Die Größere der beiden, strohblond und mit dem härteren Gesichtsausdruck fragte als erstes: „Wann kann er hier sein?“
Der Mann musterte sie eindringlich und sprach dann in gebrochenen Deutsch: „Es gibt drei Voraussetzungen die erfüllt sein müssen. Erstens muss das Geld für die Aktion da sein. Zweitens muss er es völlig auf sich gestellt bis an die andere Grenze schaffen und drittens müssen seine Freunde auf der anderen Seite ihn bis zu dieser Grenze bringen.“
„Das mit dem Geld ist kein Problem, habe ich. Und wie vereinbart die Hälfte wenn er den Treffpunkt erreicht hat und die Andere beim Grenzübertritt“, sagte die Kleinere schnell.
Sie wirkte sehr nervös und das Unbehagen mit diesem Mann zu verhandeln war ihr deutlich anzumerken.
„Wer sind sie eigentlich“, wollte die Größere nun wissen.
Der Mann lächelte ein wenig zurück und sagte mit nicht wenig Sarkasmus in der Stimme: „Ein Freund, das muss reichen.
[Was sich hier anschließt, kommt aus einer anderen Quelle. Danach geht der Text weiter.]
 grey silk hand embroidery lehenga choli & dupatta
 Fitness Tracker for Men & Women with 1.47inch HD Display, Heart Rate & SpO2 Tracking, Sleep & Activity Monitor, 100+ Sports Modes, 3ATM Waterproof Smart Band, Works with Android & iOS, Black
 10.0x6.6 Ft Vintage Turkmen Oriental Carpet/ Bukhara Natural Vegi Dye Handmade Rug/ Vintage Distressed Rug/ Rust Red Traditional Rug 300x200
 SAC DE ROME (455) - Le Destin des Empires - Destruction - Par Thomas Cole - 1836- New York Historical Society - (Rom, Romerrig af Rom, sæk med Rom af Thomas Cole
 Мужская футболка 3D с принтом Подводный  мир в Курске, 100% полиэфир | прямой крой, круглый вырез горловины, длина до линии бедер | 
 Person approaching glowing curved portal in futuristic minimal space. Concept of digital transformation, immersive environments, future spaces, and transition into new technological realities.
Aber was ich wissen muss, wo befindet er sich jetzt und wann erreicht er die erste Grenze?“
„Er ist auf dem Weg zum Treffpunkt und sollte dort Übermorgen eintreffen“ sagte wiederrum die Kleinere und die Größere der beiden fügte seufzend hinzu: „Wenn nur alles gut geht.“
„Können sie ihn noch erreichen?“
„Nein jetzt nicht mehr“ war die leise Antwort der Kleineren.
„OK, dann Übermorgenabend gegen 22 Uhr hier und bringen sie dann das Geld mit und wir starten die Aktion.“
Der Mann stand grußlos wie er gekommen war auf und verließ das Lokal.
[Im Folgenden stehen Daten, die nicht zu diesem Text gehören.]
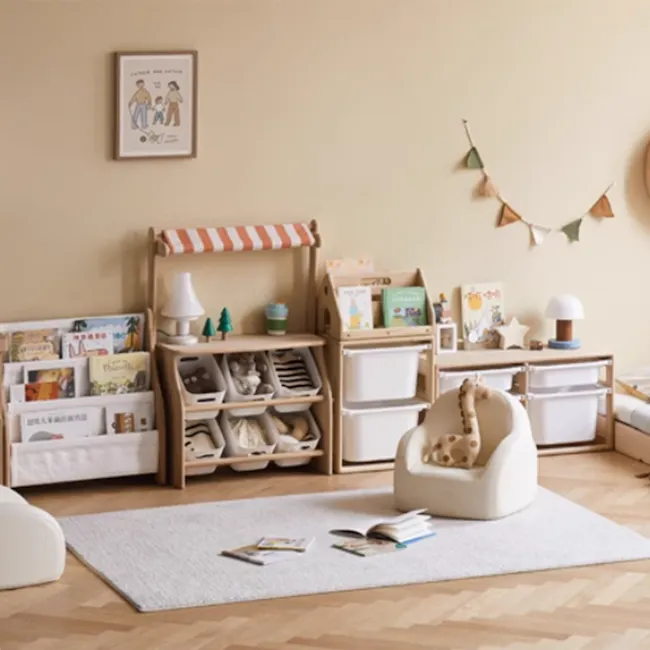 Micah Wooden Kids House Book Organiser - 11 - Children's playroom, cozy corner, nursery, soft lighting, wooden furniture
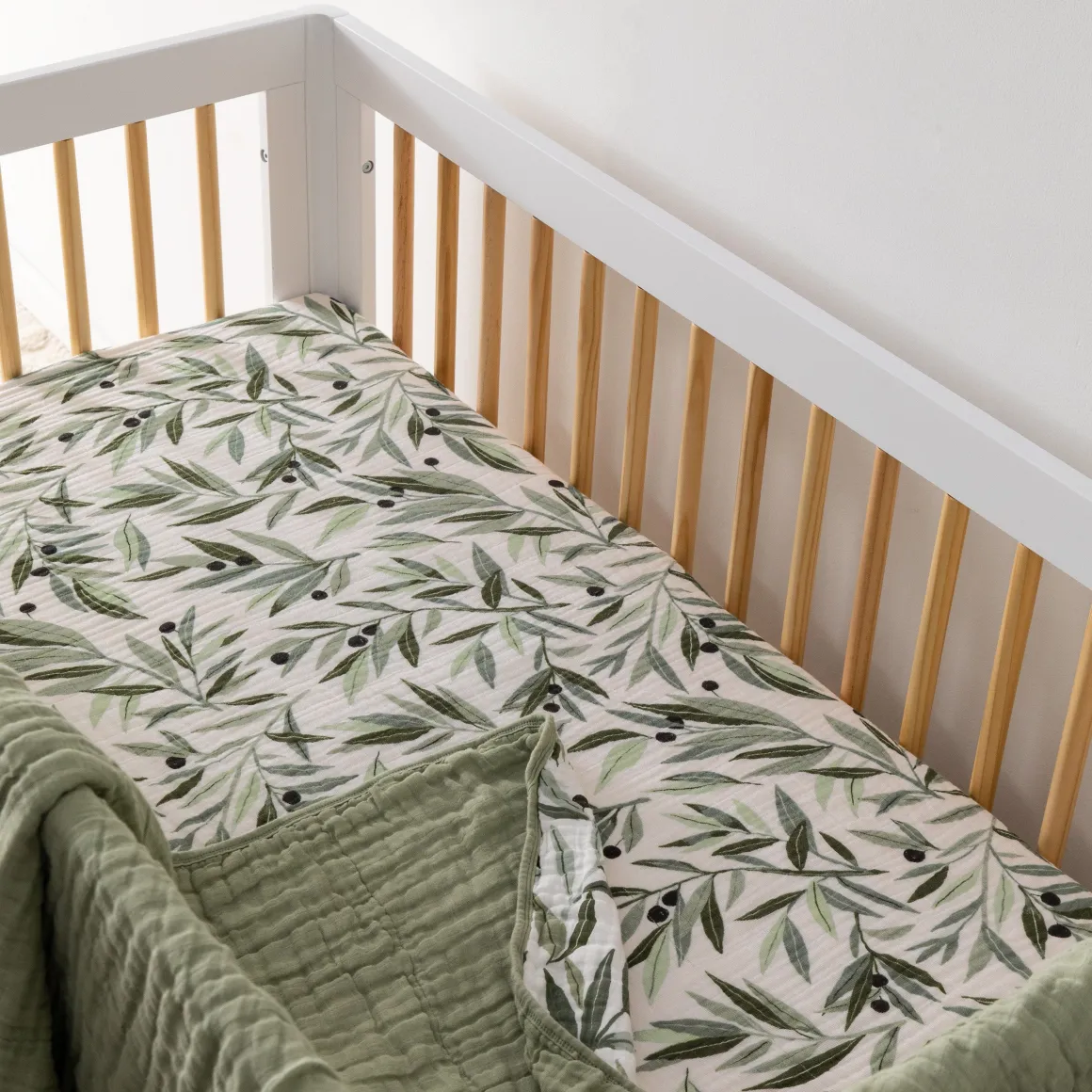 Babyletto Crib Sheet in GOTS Certified Organic Muslin Cotton-Olive Branches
Der Kleineren standen die Tränen in den Augen. Sie wusste, dass die ganze Aktion nun nicht mehr zu stoppen war. Es gab so viele Unwägbarkeiten. Die meiste Angst hatte sie davor nichts zu erfahren wenn irgendetwas passieren sollte. Sie hatte die Telefonnummer einer Freundin. Diese konnte sie aber nur als allerletztes Mittel nutzen, denn sie wusste dass alle Gespräche abgehört wurden. Und noch mehr Leute in Gefahr bringen wollte sie nicht. Außerdem war nicht sicher ob sie überhaupt bereits Informationen hatte. Er würde sicher auch mit ihr nicht unnötig kommunizieren. Also konnte sie nur warten. Eigentlich sollten sie morgen Abend die erste Nachricht aus Teplice erhalten. Nur noch ein Tag. Die Größere winkte nach dem Kellner und wollte bezahlen. Dieser ließ sich mit der Rechnung sehr viel Zeit. Kam dann mit einer Handgeschriebenen zum Tisch und wartete bis sie die Schillingnoten auf den Tisch legte. Er suchte in seiner Geldbörse solange nach dem Wechselgeld bis er das „stimmt schon“ vernahm. Sie nahm dabei die Rechnung zerknüllte sie und ließ sie im Aschenbecher liegen. Sie gingen die Stiege nach unten und standen direkt auf der Straße. Den alten Opel der Kleineren hatten sie gleich neben der Tür geparkt. Sie stiegen ein und fuhren in Richtung Wien davon.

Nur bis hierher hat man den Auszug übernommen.